What got me thinking about the topic, then, is a great article on Stockopedia – and an equally great tree of (as of writing this!) 34 comments. As with much of writing on investment, the article starts with the base premise being that of a sort of efficient market concept – that dividends are fundamentally inefficient, and that in a rational world they shouldn’t be paid. It then goes on to list several examples of where dividends may be a sort of rational choice, given a number of explanatory factors. I should state at this point that, if the tax laws work so as to make capital gains more advantageous than dividend payments, I don’t think there’s any advantage of dividends over share buybacks, barring those fluffy psychological ones – people prefer them, for some reason. If we’re talking about share buybacks vs. dividends, then, I’m in the camp of returning money to shareholders the most efficient way. Owning a stock, in my book, implies that you think a share buyback is more efficient than a dividend. You are saying you prefer to have the stock of the company than the equivalent amount of cash. Hence – no matter what the P/B or P/E, you should prefer to increase the percentage of the company you own (through a buyback) than your cash (through a taxed dividend).
I think the argument has sort of morphed, though, from being one of ‘dividends vs. share buybacks’ – which is a valid concern, since if companies are returning money in an inefficient way, it only hurts shareholders – to an argument about what level of cash should be returned. On that, I only have two points to make beyond what it a pretty comprehensive discussion at Stockopedia. I’m probably stepping on other commenters’ toes slightly with them, but still!

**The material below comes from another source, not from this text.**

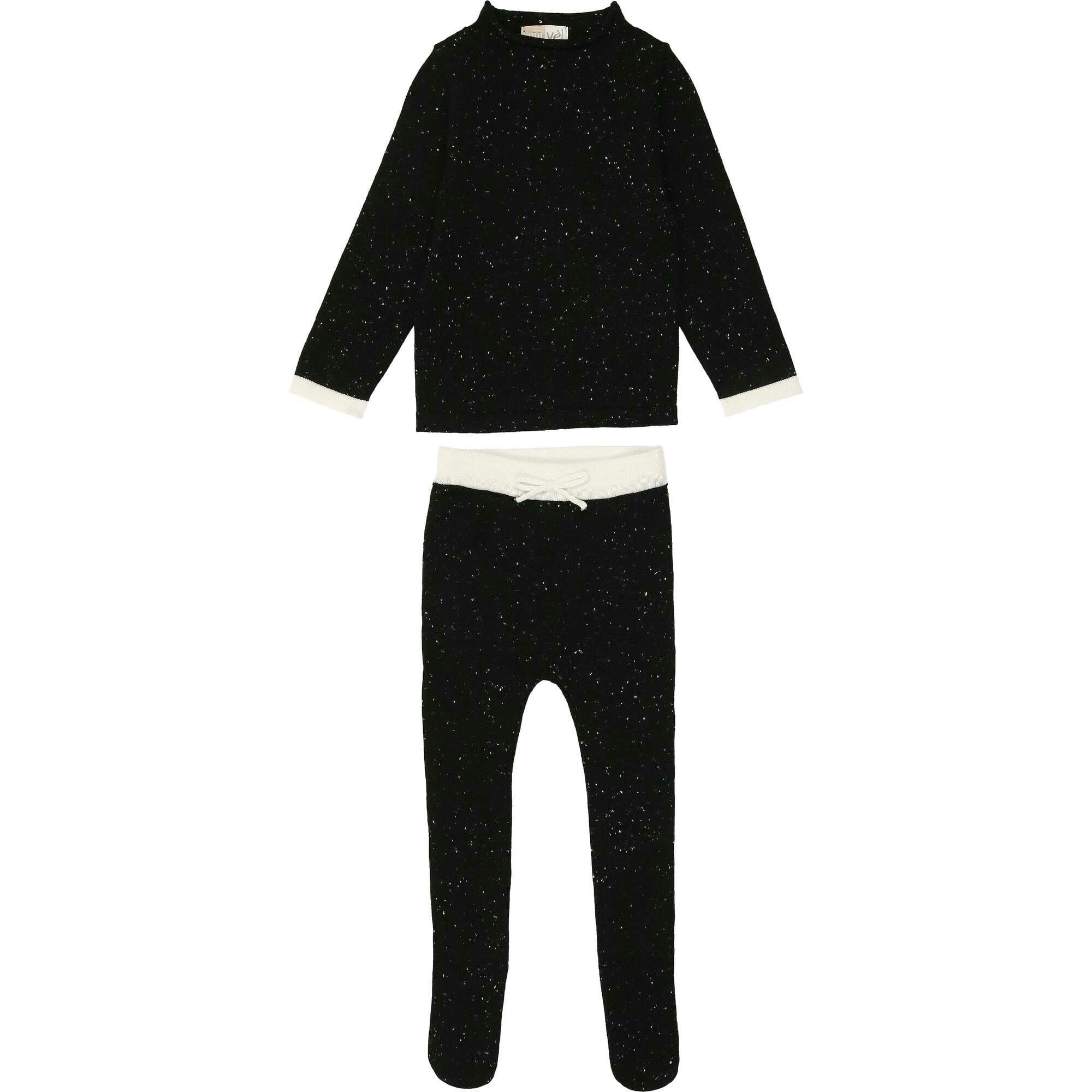 Flecked Neck Sweater & Pant 2-Piece Set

Firstly, I think the most important factor – bar none – is that there cannot be a blanket application of whether returning cash to shareholders is appropriate or not. It is entirely dependent on the operational structure of the business, the balance sheet, and the growth opportunities. I like Tullett Prebon returning cash to shareholders. Their business model requires little investment for growth, and so the alternative to them giving cash back to shareholders is leaving it on the balance sheet to be put to no productive use. I worry slightly about Dairy Crest giving back so much to shareholders, given their debt pile and their slightly wobbly balance sheet. I emphasise entirely with Plastics Capital paying a basically non-existent dividend. They are a consolidator, they are small, and they have growth opportunities – they’re also in manufacturing, so it’s logical that growth requires heavy capital expenditure.

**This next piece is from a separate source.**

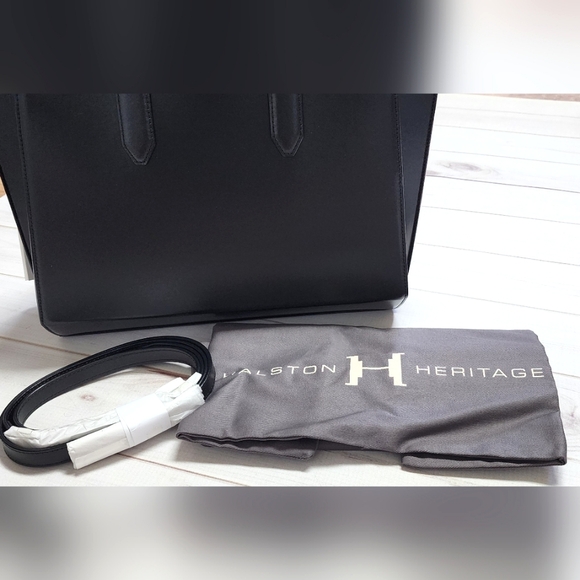 NWT Halston Heritage East West Leather Tote in Black with Dust Bag - Picture 11 of 14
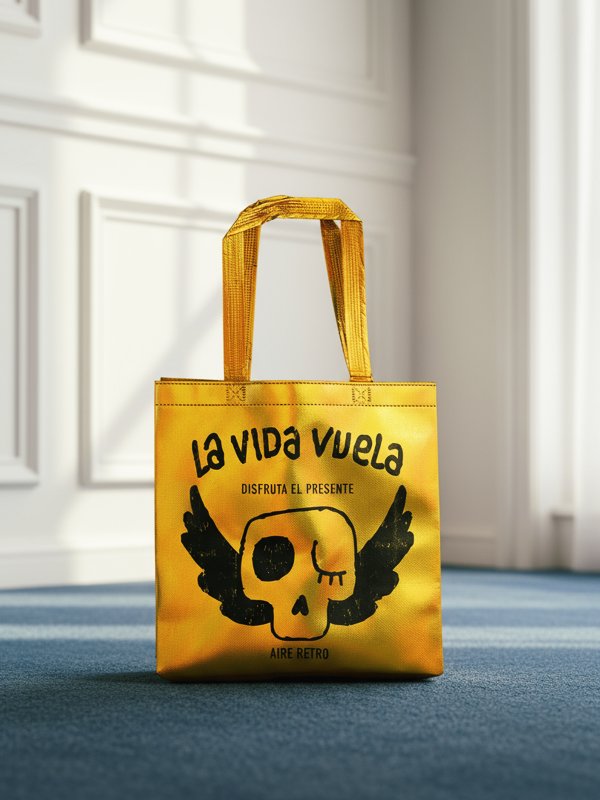BOLSA "LA VIDA VUELA" PEQUEÑA DORADA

Secondly, I also worry about the use of dividend yields as a ‘one-off’ tool for assessing the level of dividends. Dividend yields are inappropriate because they factor into the equation the volatile share price – a more accurate measure, to me, would be to use the percentage of net profit that’s being paid out year on year, the payout ratio – the inverse of the dividend cover. In actuality, the accusation that many ‘high-yielders’ are paying too much in dividends could probably be levelled at many large firms. Many pay out high proportions of their earnings – it is just that, because their share price is not depressed, their dividend yields are not high.
I don’t screen for high dividend yields, but in most cases I do like it – unless I see a good reason they shouldn’t be paying one, like in a case of high debt or obvious growth opportunities they could be exploiting. Large dividends, I think, likely speed up a reconciliation with intrinsic value – since it’s difficult for a stock yielding 7% to stay that way for long if the dividend looks sustainable, for instance. A stock with the same level of earnings/assets which is not paying a dividend, I think, will take longer. That’s just a hunch, though. Time will tell if I’m right!